═══ Data for the task
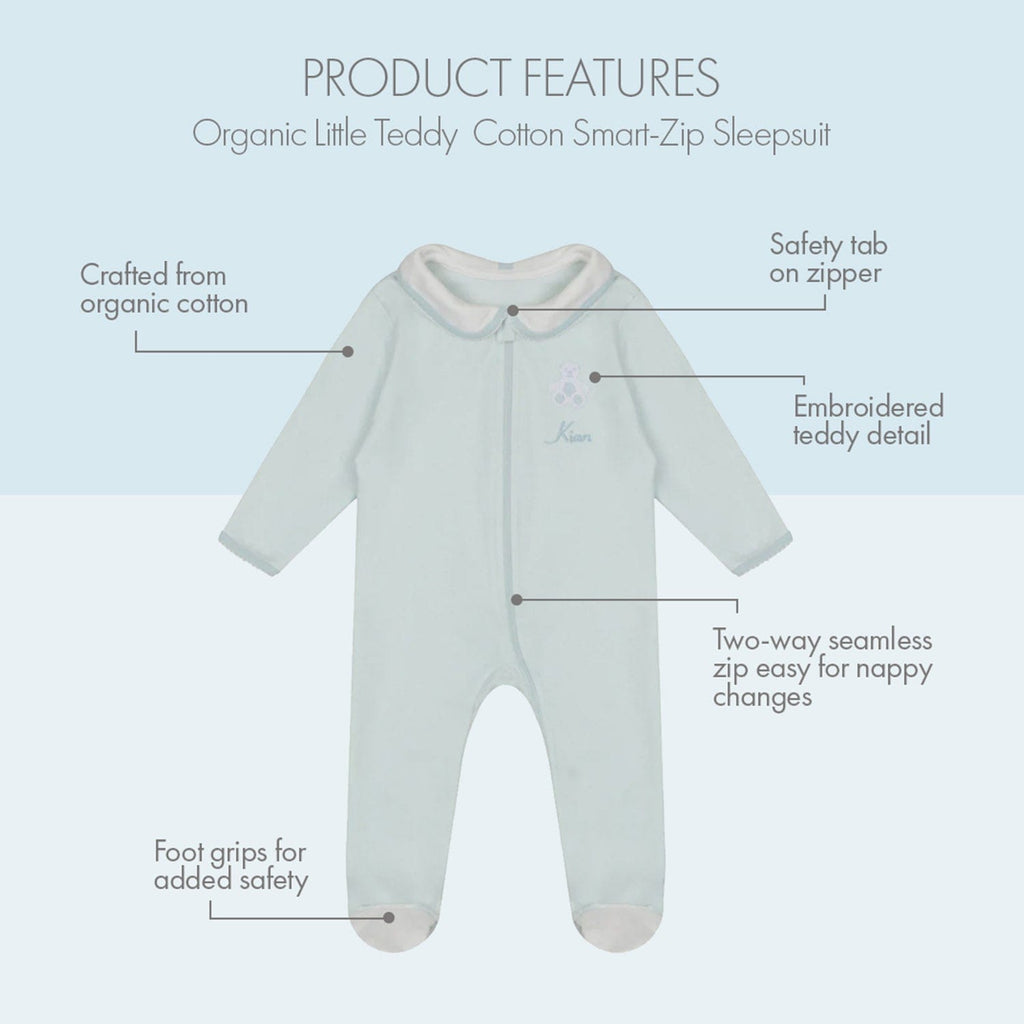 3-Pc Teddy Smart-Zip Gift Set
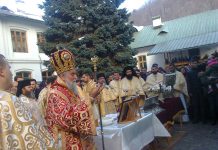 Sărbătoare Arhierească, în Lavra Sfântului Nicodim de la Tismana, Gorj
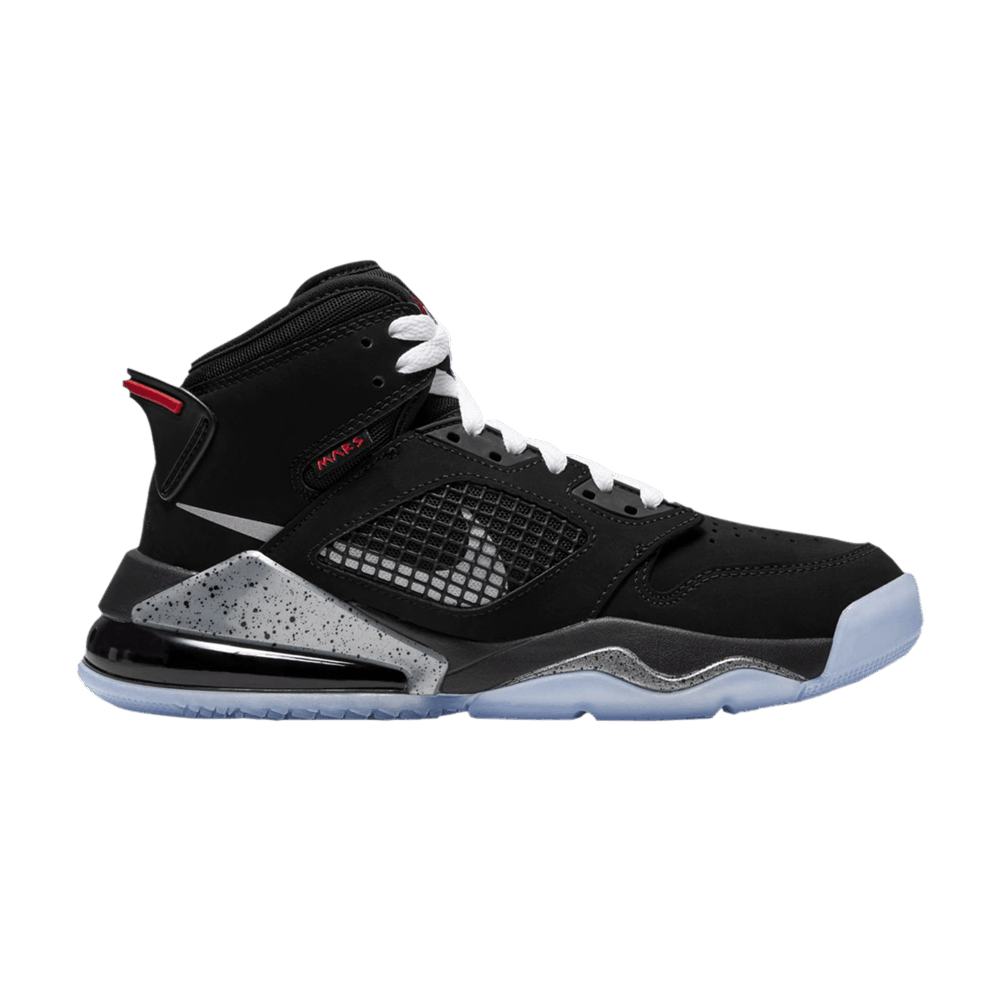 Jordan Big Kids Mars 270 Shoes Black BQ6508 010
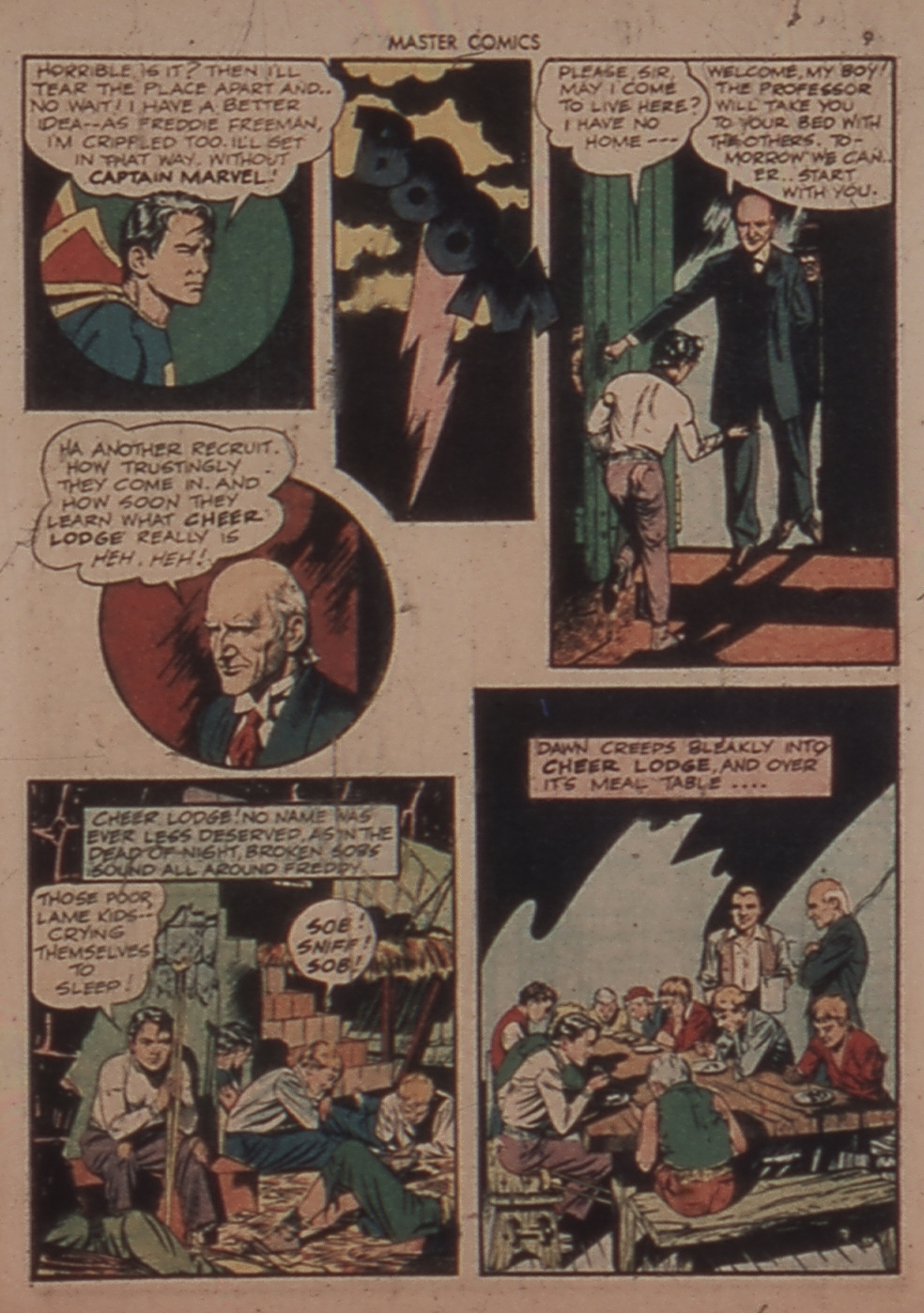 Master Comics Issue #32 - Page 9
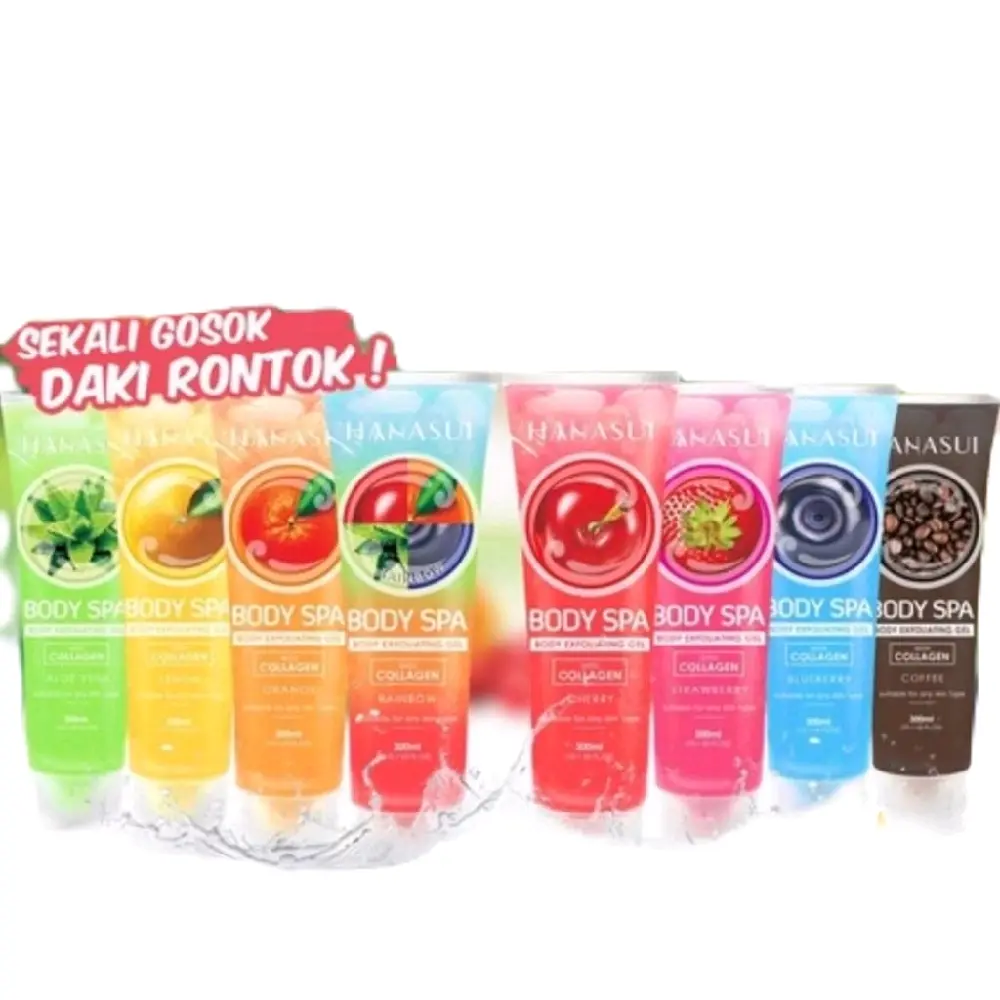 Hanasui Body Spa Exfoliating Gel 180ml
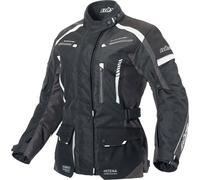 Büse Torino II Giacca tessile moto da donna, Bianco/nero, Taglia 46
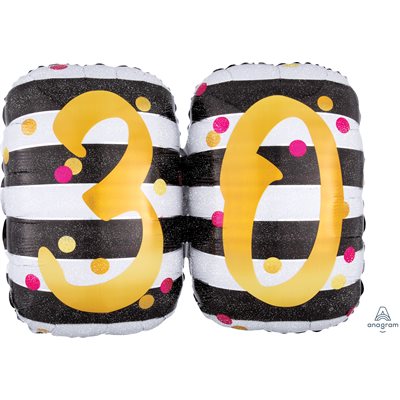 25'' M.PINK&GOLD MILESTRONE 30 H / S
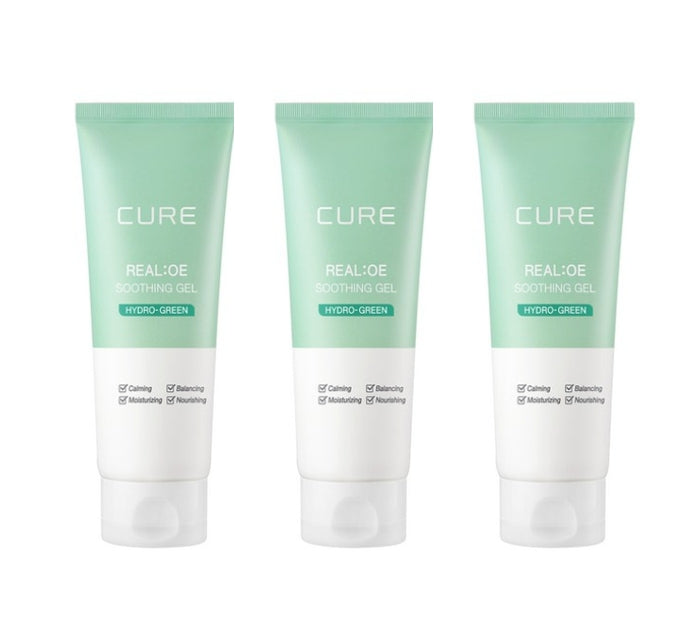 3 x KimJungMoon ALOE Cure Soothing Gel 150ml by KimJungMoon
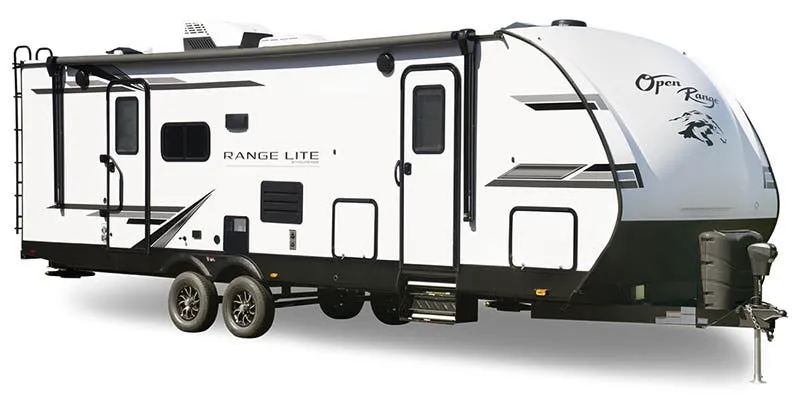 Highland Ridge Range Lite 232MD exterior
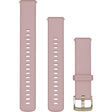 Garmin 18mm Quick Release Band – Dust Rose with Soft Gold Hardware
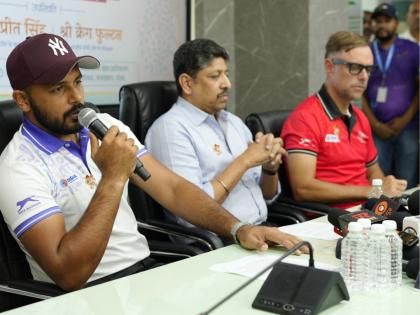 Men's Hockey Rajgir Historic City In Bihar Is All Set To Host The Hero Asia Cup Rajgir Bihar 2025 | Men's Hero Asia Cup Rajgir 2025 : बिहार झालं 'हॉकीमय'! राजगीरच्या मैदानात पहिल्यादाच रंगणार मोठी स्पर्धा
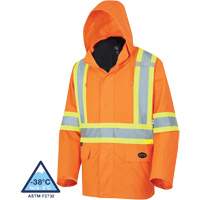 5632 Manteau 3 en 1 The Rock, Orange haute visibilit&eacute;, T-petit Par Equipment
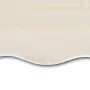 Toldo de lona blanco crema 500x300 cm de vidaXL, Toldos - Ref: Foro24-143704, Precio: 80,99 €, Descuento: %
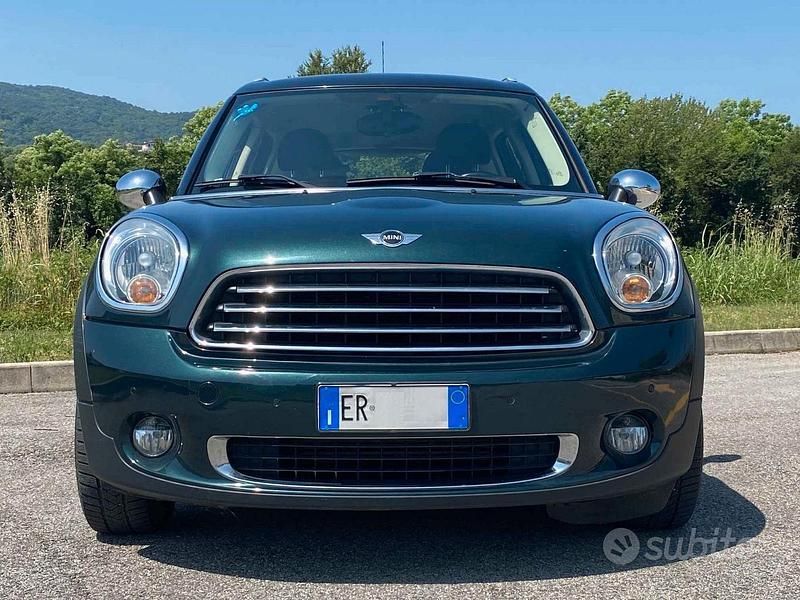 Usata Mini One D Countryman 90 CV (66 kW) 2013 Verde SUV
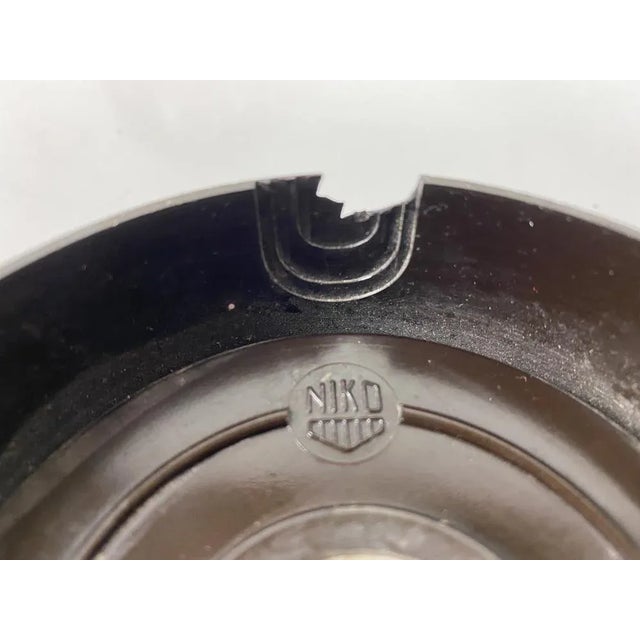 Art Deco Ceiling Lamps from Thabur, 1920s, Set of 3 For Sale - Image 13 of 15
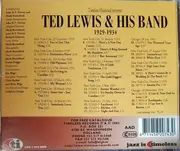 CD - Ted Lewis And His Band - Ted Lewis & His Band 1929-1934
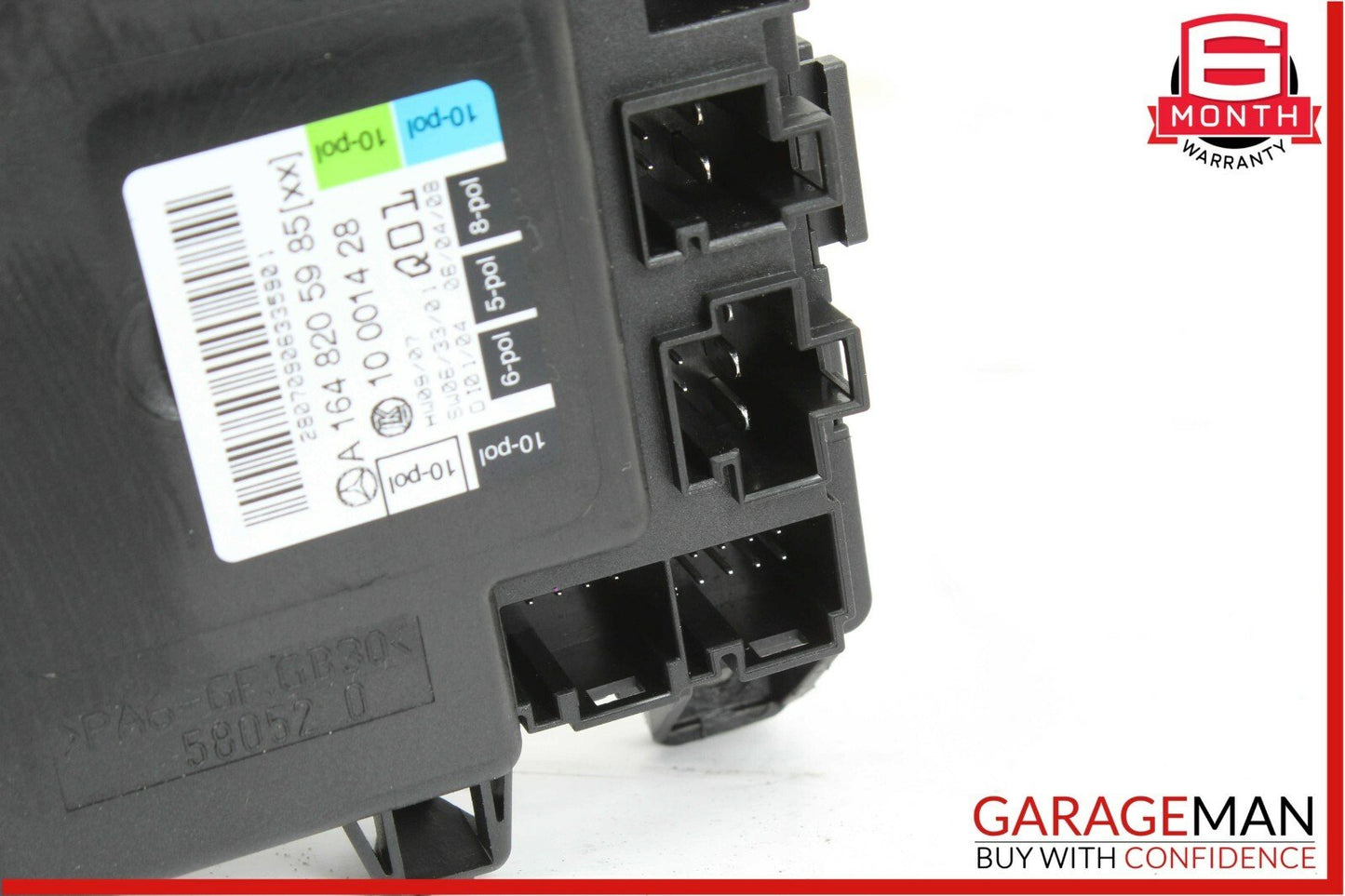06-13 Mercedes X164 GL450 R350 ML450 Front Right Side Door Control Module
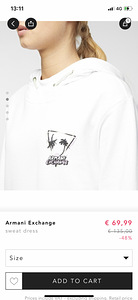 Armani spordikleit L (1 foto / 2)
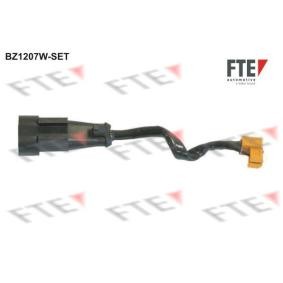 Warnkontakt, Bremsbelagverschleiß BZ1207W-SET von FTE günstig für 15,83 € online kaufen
══════
[Problem description]
Can the lines from the one with "06-13 Mercedes X164" to the end of the records above be quoted exactly, both ends included, with every picture omitted?

[Task result]
06-13 Mercedes X164 GL450 R350 ML450 Front Right Side Door Control Module
 Armani spordikleit L (1 foto / 2)
 Warnkontakt, Bremsbelagverschleiß BZ1207W-SET von FTE günstig für 15,83 € online kaufen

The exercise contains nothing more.